Now I know there are irrigated ablation catheter proponents out there. They sing its praises and wouldn’t perform catheter ablation with anything but this technology. But I wonder how many of them ever looked at the physiology of what they’re doing. Years ago, I performed sinus node ablation in dogs with 50 watts of power using an 8mm tip conventional radiofrequency ablation catheter equipped with temperature feedback. I saw what that much energy did to the dog’s heart… and surrounding lungs. I will never forget that finding. My practice in man was forever changed as a result of that opportunity. I find it hard to believe we need more energy than that if there is good catheter contact.
And yet, I now see FDA-approved 100-watt RF generators now and irrigated-tip ablation catheters capable of creating steam pops deep in tissue while having nice cool endocardial tip temperatures displayed that provide an artificial level of reassurance to our younger operators. I know there’s a reason these technologies were developed: influential doctors in our EP community demanded they be developed and industry responded. Skill levels of operators are different. It was new and innovative. It promised better outcomes while being acceptably safe, yet without so much as a lick of real-life multi-center case-based post-market proof.
So when I see the relatively high complication risks of atrial fibrillation reportedrecently, I wonder if some of those complications were from this push to higher power, irrigated-tip ablation catheters capable of making ridiculously larger, deeper ablation lesions in our rush to expedite the procedure couched on the unproven hope that with larger lesions, the need for repeat ablation would be reduced.
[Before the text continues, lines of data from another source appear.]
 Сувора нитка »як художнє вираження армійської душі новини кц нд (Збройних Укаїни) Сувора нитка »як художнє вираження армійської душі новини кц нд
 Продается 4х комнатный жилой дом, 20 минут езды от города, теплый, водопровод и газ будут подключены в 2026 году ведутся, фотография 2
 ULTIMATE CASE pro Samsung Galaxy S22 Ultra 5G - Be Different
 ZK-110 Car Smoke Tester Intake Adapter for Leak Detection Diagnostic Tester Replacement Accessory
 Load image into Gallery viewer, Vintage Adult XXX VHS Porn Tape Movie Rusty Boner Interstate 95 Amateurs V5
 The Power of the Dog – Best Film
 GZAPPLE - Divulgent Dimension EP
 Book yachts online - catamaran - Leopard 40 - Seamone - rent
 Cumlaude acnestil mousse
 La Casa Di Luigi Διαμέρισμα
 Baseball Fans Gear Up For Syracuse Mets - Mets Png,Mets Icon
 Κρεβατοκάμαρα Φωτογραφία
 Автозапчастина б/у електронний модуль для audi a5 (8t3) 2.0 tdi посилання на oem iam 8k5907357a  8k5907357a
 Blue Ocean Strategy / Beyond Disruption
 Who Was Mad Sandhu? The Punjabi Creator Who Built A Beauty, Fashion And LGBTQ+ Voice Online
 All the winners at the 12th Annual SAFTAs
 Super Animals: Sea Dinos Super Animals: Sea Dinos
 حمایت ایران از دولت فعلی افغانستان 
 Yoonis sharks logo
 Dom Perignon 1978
Is it? Are we creating more problems than those we are hoping to solve? Truth is: we don’t know.
Which is exactly why we need an atrial fibrillation registry. It’s also why we need studies like the prospective, randomized atrial fibrillation ablation trial like theCABANA (Catheter Ablation versus Antiarrhythmic Drug Therapy for Atrial Fibrillation) trial to begin to answer such complicated questions. Whether there will be enough data for subgroup analysis of irrigated tip ablation catheter from non-irrigated ablation technologies in CABANA remains to be seen. But at least the CABANA investigators didn’t require a particular form of energy delivery for the ablation arm of the study. Will there be value in such a subgroup analysis? It will depend on the numbers.
At least this old dog remains happy he can contribute to this arm of the ablation trial and hopefully remain innovative and creative in the years ahead while still practicing on the basis of my experience.
And who knows, maybe one day, we’ll make catheter ablation safer for our patients as a result – you know: the old fashioned way.